Rear right side tire gap


----------



## huntr70 (Jul 8, 2005)

My recommendation would be to tilt the head back farther to make some use of the WD bars. That should get you some more transfer to the front end. What weight bars are they?? They look a little weak.

I think I would drop the ball a hole or 2 also, as the trailer is sitting level, but your truck is rear end weary. If you get everything level, that is where you need to start.

Also, ditch the friction sway bar and get yourself a dual cam setup.

The friction bars aren't good for anything over 20-24 foot.

Steve


----------



## dharris (Feb 3, 2007)

huntr70 said:


> My recommendation would be to tilt the head back farther to make some use of the WD bars. That should get you some more transfer to the front end. What weight bars are they?? They look a little weak.
> 
> Also, ditch the friction sway bar and get yourself a dual cam setup.
> 
> ...


Tilt the head back even more than it already is? I will try it, there is an adjusting bolt that I can play with until I like the setting. Do I have to add more washers?

If the friction bar is no good, why would the TT dealer put it on my setup?


----------



## huntr70 (Jul 8, 2005)

For the same reason my first dealer sent me home with a loose hitch, the wrong brake controller, and a friction bar for my 28 footer.........they just don't know any better.

The best way to do a hitch is start from scratch, read the instructions, and do it yourself. If the dealer set your equipment up, did you have your truck and trailer loaded for camping?? Most likely not, so now the setup is off a couple hundred pounds from the start.

Not sure on the washers.....I have a Reese head that doesn't use washers.

Steve


----------



## dharris (Feb 3, 2007)

huntr70 said:


> For the same reason my first dealer sent me home with a loose hitch, the wrong brake controller, and a friction bar for my 28 footer.........they just don't know any better.
> 
> The best way to do a hitch is start from scratch, read the instructions, and do it yourself. If the dealer set your equipment up, did you have your truck and trailer loaded for camping?? Most likely not, so now the setup is off a couple hundred pounds from the start.
> 
> ...


Thanks man! Can you send me a link your suggestion?


----------



## Carey (Mar 6, 2012)

I've got your fix, but wont be on the market til this winter/spring. Thats all I will say, as I'm having the patenting done right now..

There is nothing on the market like this, and this thing will make your tow behind trailer tow better than a 5th wheel..

I have taken my 20 year trucking knowledge along with an old patent from the 50's that wasnt technically possible in the 50's and applied to the towing world. So I am basically appling new technolgy to an old questionable idea.
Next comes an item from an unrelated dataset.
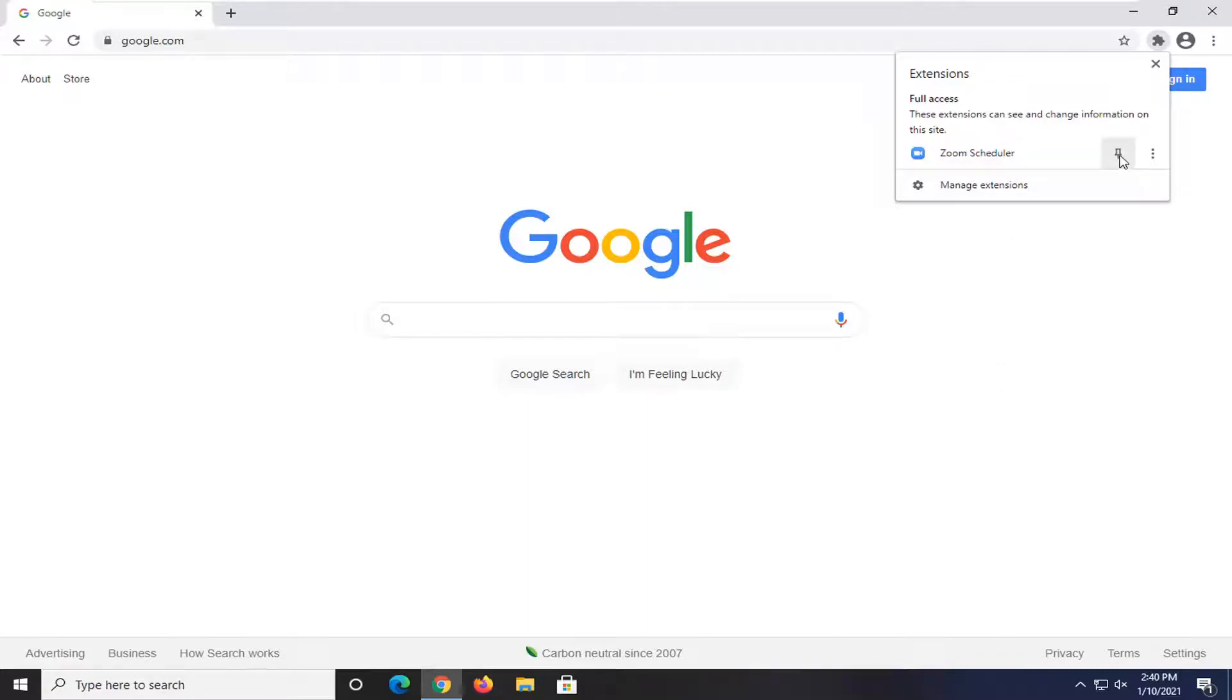And there's a little thumbnail or pin icon. Just go ahead and left click on that. And then it would pin it right next to the extension button.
It removes all sway and porposing.. I'm being truthfull here! You trailer tows so well its astonishing.. The horse trailer people will love this as tongue movement tranfers right to the horses in the trailer.. this will make the horse trailer ride like a Cadillac.

I had this idea just to fix the problem on my setup, I wasnt planning on starting anything.. It works so well I have to bring it to the market. It makes towing a breeze and will enhance safety 10 fold.

I really dont know what to say. But I have had a couple multi millionairs look at this and they love it so much, they are helping me get this off the griound.. A banker looked at it and told me what ever it takes we must get this into the publics hands..

If you can hang till spring I can make your f150 tow that trailer better than a 1 ton towing a 5th wheel.

We are figuring on a sale price of the 1500- 2000 dollar range. But thats still in the air right now.

Carey


----------



## skippershe (May 22, 2006)

An Equal-i-zer 1,200/12.000 lb set up would be a good place to start









Our dealer installed a useless friction sway bar on our 28krs. I think we towed it twice before disposing of it and buying the Equalizer Hitch.

A friction sway bar has no business being on a tt larger than about 23 feet...


----------



## huntr70 (Jul 8, 2005)

dharris said:


> For the same reason my first dealer sent me home with a loose hitch, the wrong brake controller, and a friction bar for my 28 footer.........they just don't know any better.
> 
> The best way to do a hitch is start from scratch, read the instructions, and do it yourself. If the dealer set your equipment up, did you have your truck and trailer loaded for camping?? Most likely not, so now the setup is off a couple hundred pounds from the start.
> 
> ...


Thanks man! Can you send me a link your suggestion?
[/quote]
What brand is your setup?? I see it has the flat bars that go into the round holes on the head, but its hard to tell what else is there.

Steve


----------



## Scoutr2 (Aug 21, 2006)

Great photos - and a nice rig, too! You asked, so I'll give you my humble opinion.

Your trailer looks like it is sitting pretty level, and perhaps just a tad lower in the front, which is good. But your truck seems to be squatting quite a bit more in the rear and raised some in the front. This will make you "steering light" and is most likely what is causing all the wiggle. Your WD Hitch does not seem to be transferring enough weight to the front axle. What type of hitch do you have and what weight are the bars?

Keystone's website has the specs for your trailer, so I'm guessing that you have about 6800#-7000# of trailer and gear, which would bring your tongue weight to around 750# if all the gear is loaded evenly from front to rear. And your trailer is nearly 30' long. Your trailer and mine are nearly equal in length, weight, and tongue weight, so I can kinda relate.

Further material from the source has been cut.